* WHAT YOU ARE ASKED TO DO
With the pictures removed, reproduce exactly the lines from the one that contains "Hand-Painted Wall, c." through the last line of the entries below.

===== AVAILABLE DATA =====

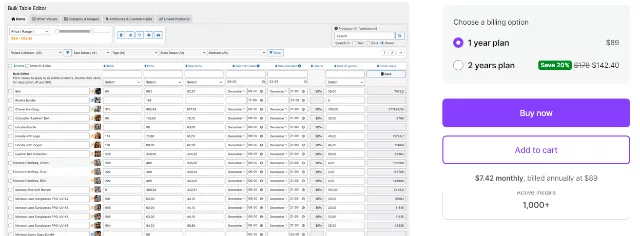 Bulk Table Editor for WooCommerce: Fast & Easy Edits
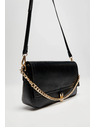 Moodo Elegantna črna torbica z verigo Moodo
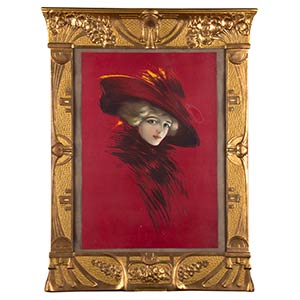 PORTRAIT OF WOMAN WITH HAT   Mixed ... 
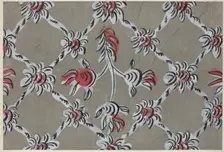 Hand-Painted Wall, c. 1938. Creator: Martin Partyka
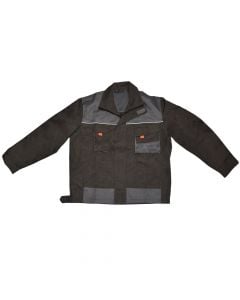 Working jacket with many pockets, polyester/cotton, gray, M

=====

* ANSWER TO THE PROBLEM
 Hand-Painted Wall, c. 1938. Creator: Martin Partyka
 Working jacket with many pockets, polyester/cotton, gray, M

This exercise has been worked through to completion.